Activity. Copy nothing but the lines from the one containing "Casa espaçosa e bem localizada" through the last line of the entries below, exactly as written and without pictures.

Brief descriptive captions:
-=-=-

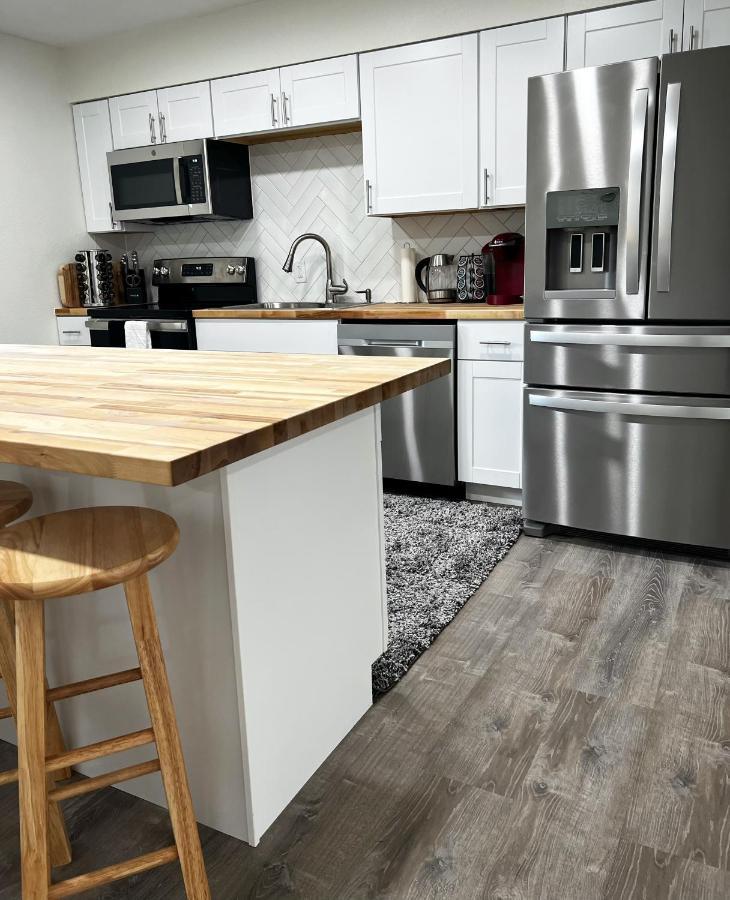 Anchorage Midtown Apartment- Wyoming 1 Buitenkant foto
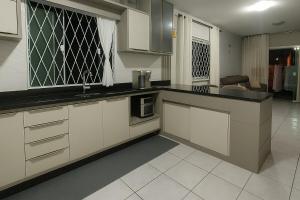 Casa espaçosa e bem localizada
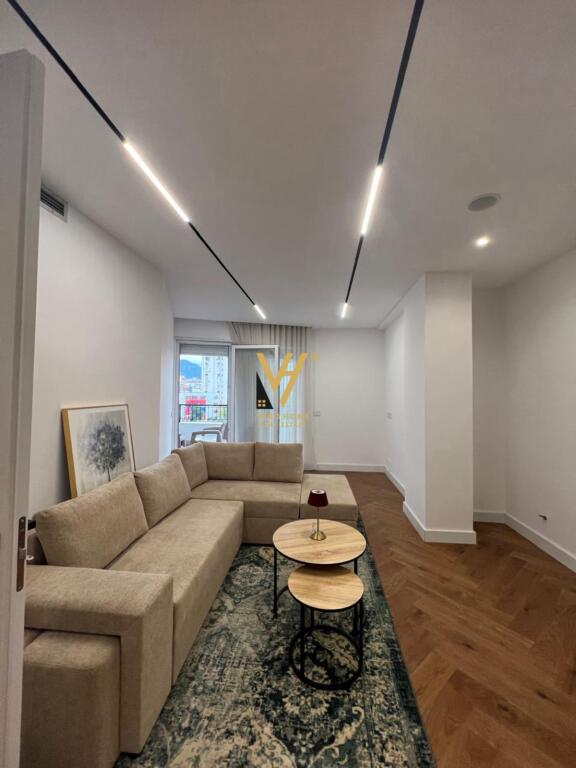 JEPET APARTAMENT 2+1+2+BLK ME QIRA TE RRUGA E DURRESIT 1.200 EURO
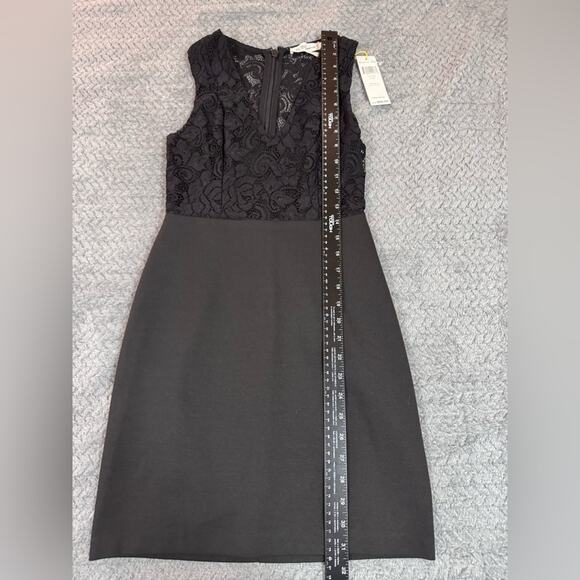 BCBGeneration Women’s Dress Short V Neck Lace Black 0 - Picture 11 of 11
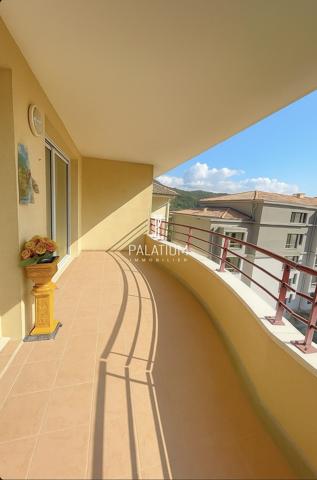 Magnifique T4 en duplex de 110 m2 avec deux grandes terrasses et garage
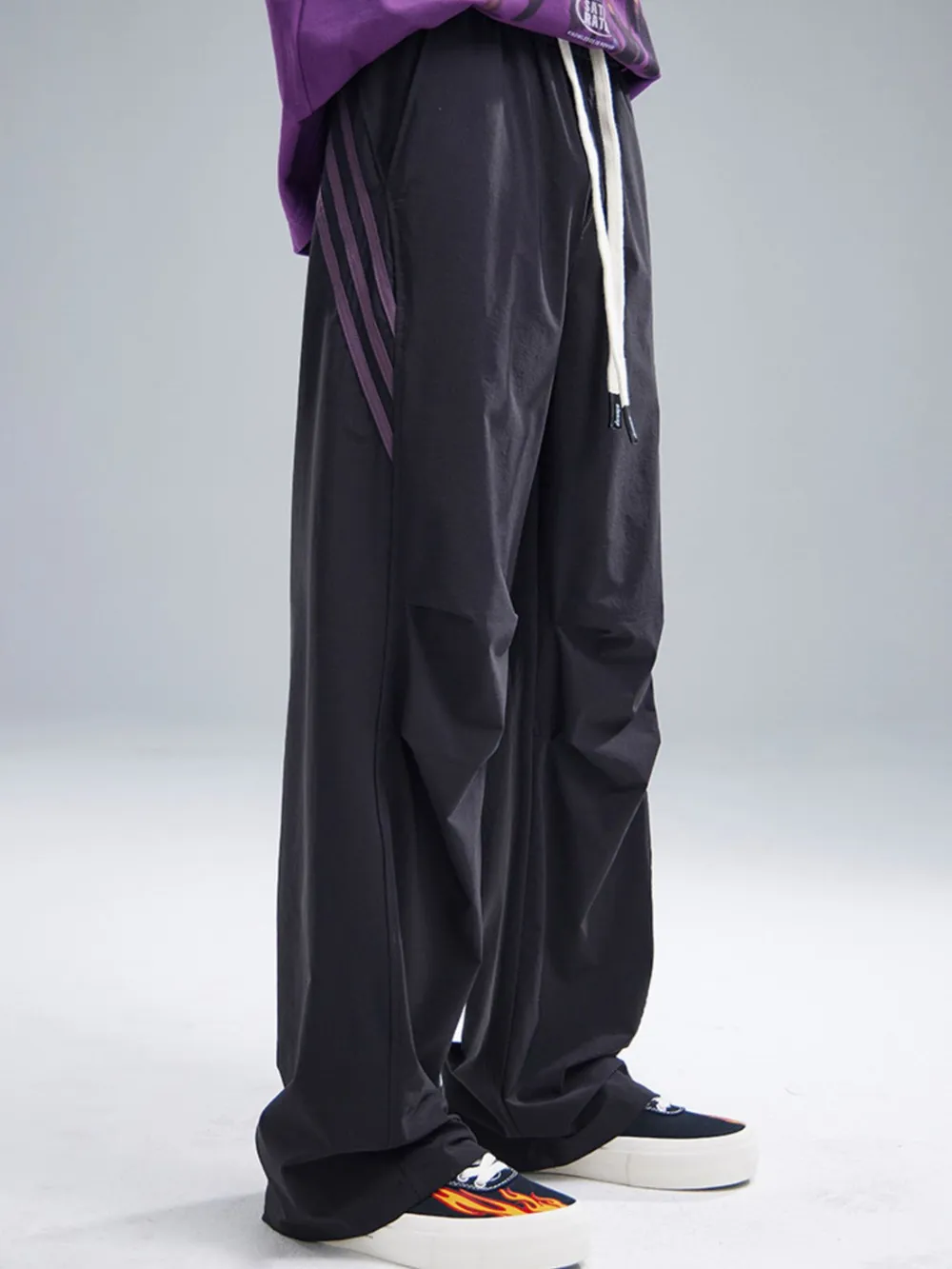 Men's Drawstring Ruched Pants with Side Stripes, image 4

-=-=-

Result for this task.
 Casa espaçosa e bem localizada
 JEPET APARTAMENT 2+1+2+BLK ME QIRA TE RRUGA E DURRESIT 1.200 EURO
 BCBGeneration Women’s Dress Short V Neck Lace Black 0 - Picture 11 of 11
 Magnifique T4 en duplex de 110 m2 avec deux grandes terrasses et garage
 Men's Drawstring Ruched Pants with Side Stripes, image 4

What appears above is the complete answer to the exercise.